Winter Olympics 2022: falls in shambles and chocolate medal, Kamila Valieva cracked under the pressure

While she appeared so far unsinkable, the weight of the controversy ended up falling on Kamila Valieva. Tested positive for trimetazidine at the end of December but despite everything authorized to compete in these Games, the young 15-year-old Russian had been scrutinized since the beginning of the week by cameras around the world. An excessive attention which had not prevented her from flying over the short program, but which surely weighed at the time of the free program, this Thursday. Yielding under the pressure, she fell twice and finished at the foot of the podium, when the gold was promised to her.

Feverish from the start, even if her face remained impassive for a long time, Valieva fell in quick succession on two jumps, then was forced to put her hand on the ground on a third. Extremely demanding but usually mastered to perfection, including quadruple jumps having never been performed at the Games until this year, his program has since lost all its magic.

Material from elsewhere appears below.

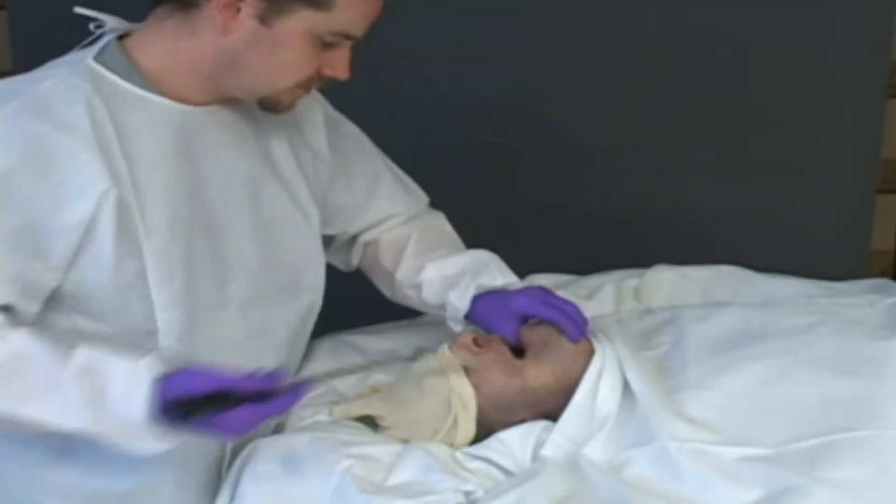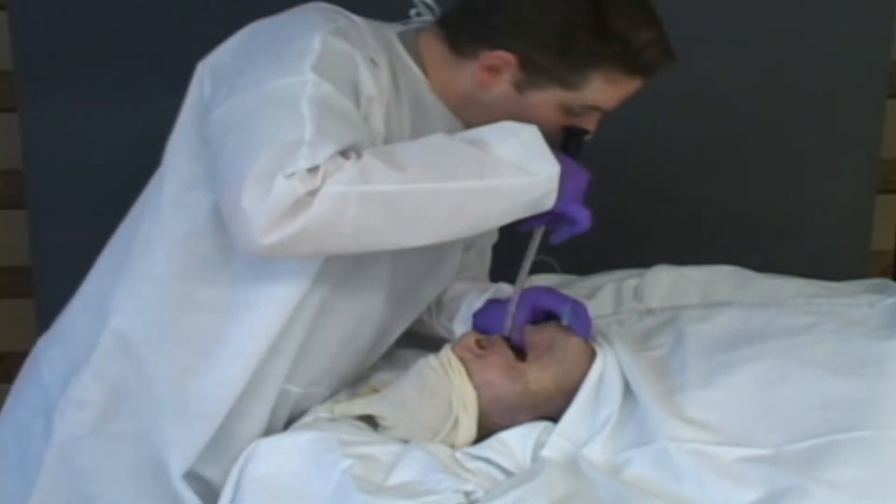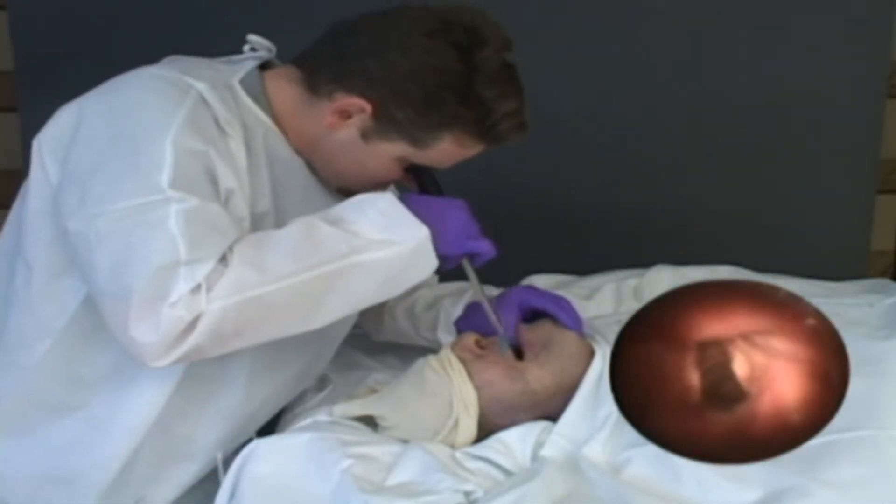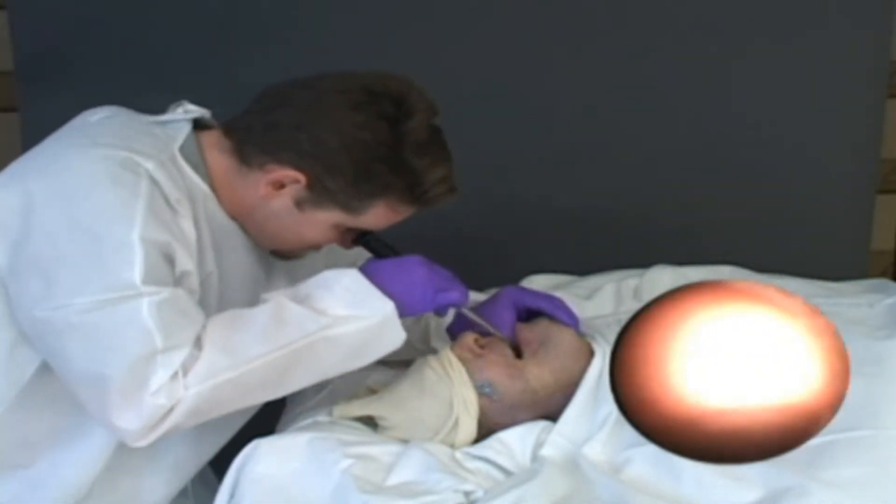Procedure for using the device without a laryngoscope. For operators comfortable with fiber optic anatomy and the subtleties of handling a fiber optic instrument, it is very easy to use the FPS as an independent device for intubation.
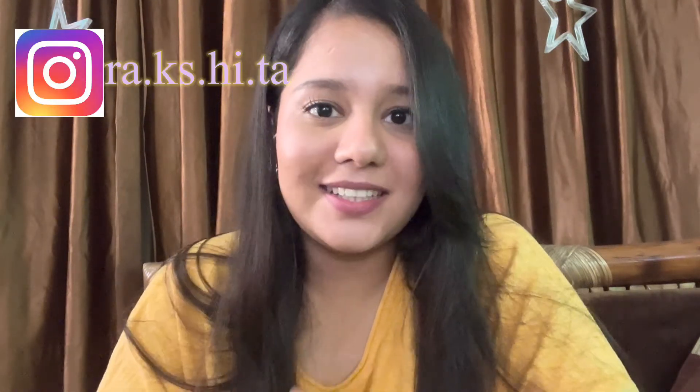Hey guys, welcome back to my channel Clear Hue. If you're new here, namaste! My name is Dr. Rakshita and this channel is all about skincare, wellness, and makeup. If any of these interest you, don't forget to subscribe.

Installed on a bench while waiting for the sanction of the judges, the tears quickly rose to her, despite the applause, as if the verdict was inevitable. The Russian eventually finished in fourth place, with only the sixth mark of the day.

The podium might be held

For its competitors, the fall, literally and figuratively, of the favorite, is a relief. On the one hand, because it allows her two compatriots, Anna Shcherbakova and Alexandra Trusova, and the Japanese Kaori Sakamoto to gain a place in the Olympic ranking. On the other, because it ensures the holding of the award ceremony and the medal ceremony: if Valieva had finished in the top 3, it would have been necessary to wait for the final decision of the Court of Arbitration for Sport to formalize the podium. A situation that already poses a problem for the team event, won by the Russian Olympic Committee thanks to a Valieva in levitation, for which no one has yet received a charm.

Valieva tested positive for trimetazidine, a drug used to treat angina pectoris, on December 25 during the Russian championships. His control had earned him a first provisional suspension by the Russian anti-doping agency, finally lifted following an appeal, by decision of the Court of Arbitration for Sport. The latter did not comment on the merits of the case but simply authorized her to continue her Games. For his part, the athlete pleaded accidental contamination, claiming to have inadvertently taken a drug from his grandfather.

A sulphurous trainer

The decision of the CAS, which caused a lot of ink to flow, was motivated by her young age, which earned her a protected status and lightened sanctions, and by the great prejudice that a non-participation in the Olympics would represent for her. But it inevitably tarnished the viewing of this individual event, for which it was impossible to stop at the result.

Inevitably, this scandal around her participation shone the spotlight on the young prodigy of her discipline, who had splashed her talent at the last European championships, and on her trainer Eteri Tutberidze. At the head of a squad of skaters with excellent results for several Olympiads, the latter is also renowned for her sulphurous training methods, which have forced several of her athletes to end their careers very prematurely. In the event of suspension for doping, that of Valieva might well take the same direction.